Perchè a volte può bastare un cappello, magari proprio da prete, per confutare il nichilismo del dottor Panterre. Lo capirà a proprie spese quel satanasso del barone Carlo Coriolano di Santafusca che se ne sta a rimpiangere la scarsella vuota e la magione in rovina.
Ha bisogno di restituire una cartella da quindici mila lire, il signor barone, se non vuole patire l'onta di una denuncia al procuratore del re.
Pensa che ti ripensa, il nobile decaduto ha l'illuminazione: vendere la casa avita a chi ha i denari per acquistarla. E chi meglio di prete Cirillo che pratica l'usura e che ha nomea di negromante per aver dato alcuni numeri buoni al lotto?
L'appuntamento a Santafusca è fissato. Prete Cirillo, non prima di aver scambiato un terno secco sulla ruota di Napoli con un cappello da monsignore cucito da Filippino, lascia il basso in cui abita e si avvia verso l'ultima destinazione. Nella villa blasonata del barone infatti, per mano dello stesso nobile, vi troverà la morte.
Delitto perfetto? Così sembrerebbe se non fosse per il cappello del prete.
Le cose sono andate pressapoco così: un cane ruba il cappello del parroco lasciato inavvertitamente sul luogo del delitto (l'unico errore del barone) e lo porta a Salvatore, custode della villa.

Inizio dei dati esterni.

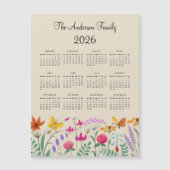 Elegant Cute Watercolor Wildflowers Calendar 2026 (正面)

Frattanto costui muore e a dargli l'estrema unzione è quel santo di don Antonio che inavvertitamente scambia il suo, di cappello, con quello di cui si è appropriato il custode. E mentre il cappello, per un rimorso di coscienza, ritorna al suo creatore, quel Filippino che ha giuocato gli ultimi soldi proprio sul terno rivelatosi vincente, lo stesso copricapo viene a denunciare incontrovertibilmente la scomparsa di prete Cirillo. Pure perchè nel frattempo il copricapo addirittura si sdoppia e il secondo, creduto primo e unico, passa nelle mani di un parente di Salvatore e verrà recuperato da un fantomatico cacciatore (alias il barone di Santafusca). Quest'ultimo lo affoga in alto mare per sbarazzarsene una volta per tutte, ma senza alcun costrutto.
Ironia della sorte, il barone di Santafusca inizia a vincere al gioco in maniera smodata, proprio ora che non avrebbe bisogno di soldi per via delle ricchezze della buonanima del curato di cui si è impossessato.
E intano, nonostante la tanto decantata superiorità della materia rispetto allo spirito, il barone di Santafusca sembra quasi inseguito dal cappello del prete e dai mille accadimenti che verranno a riguardarlo. Finchè, convocato in tribunale per una deposizione che non può che assumere i connotati di una formalità (lui è pur sempre" U barone" !), inizia a contraddirsi e a non reggere oltremodo il peso della coscienza. Quella coscienza che sarà avviluppata dalla seta del cappello fino a trovarsi inchiavardata nelle secche della verità. Non gli resta che confessare, ebbro di furore per non essere stato in grado di declinare il suo materialismo al cospetto di un misero copricapo da prete.
Pubblicato nel 1888 quando Giovanni Verga dava alle stampe il Mastro Don Gesualdo, l'opera di Emilio De Marchi, per ammissione dello stesso scrittore, vuole provare che si può scrivere un ottimo romanzo d'appendice senza recarsi necessariamente in quel di Francia. Tutto questo non disdegnando (tutt'altro!) il grosso pubblico, i famigerati "centomila" (lettori) cioè che ben presto l'opera raggiungerà, grazie anche all'uscita a puntate sul Corriere di Napoli.